Further issues on Figure 1
A) Figure 1B appears to be compromised by fixation and/or freezing artifacts.
This was a good observation, as the data presented was taken from a frozen section. We have replaced this figure with a high magnification confocal micrograph of an HIO at 24 hours after microinjection with live E. coli from a separate experiment, and from a sample that was processed through paraffin embedding and sectioning. We hope the use of this alternative data will allow the reader to see the physical relationship between the HIO and E. coli with greater clarity.
B) In Figure 1C the y axis is labelled 24h δ CFU. Given that the scale becomes fractional, it seems likely that ratios rather than differences are being used.

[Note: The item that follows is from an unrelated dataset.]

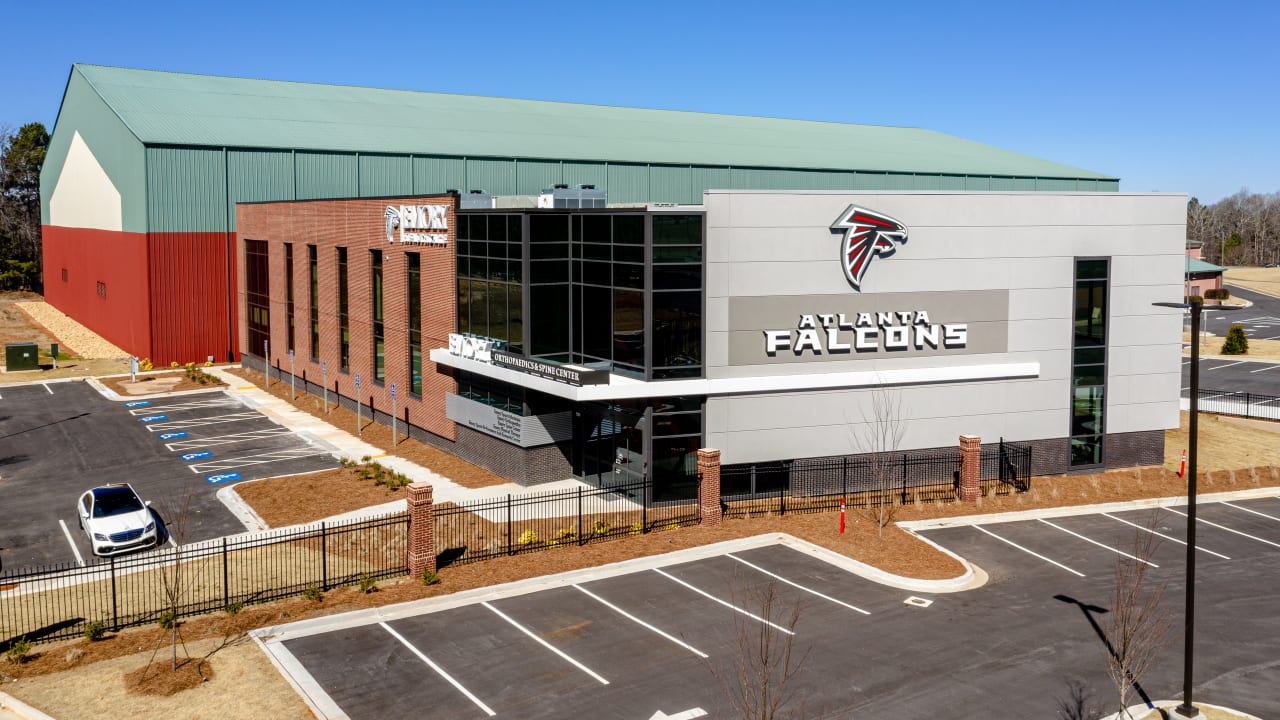 Atlanta Falcons Corporate Headquarters and Training Facility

The reviewers are correct in pointing out that the y-axis label in Figure 1C was inaccurate. This has been amended in the revised manuscript. In addition, Figure 1—figure supplement 2 has been provided to clarify the exact relationship between the input CFU at t=0 and the CFU harvested from the lumen at 24 hours post microinjection.
C) What dose(s) of injections were used for 1D?
For Figure 1D, the HIOs were microinjected with 10 CFU E. coli each. The figure legend has been amended to fix this.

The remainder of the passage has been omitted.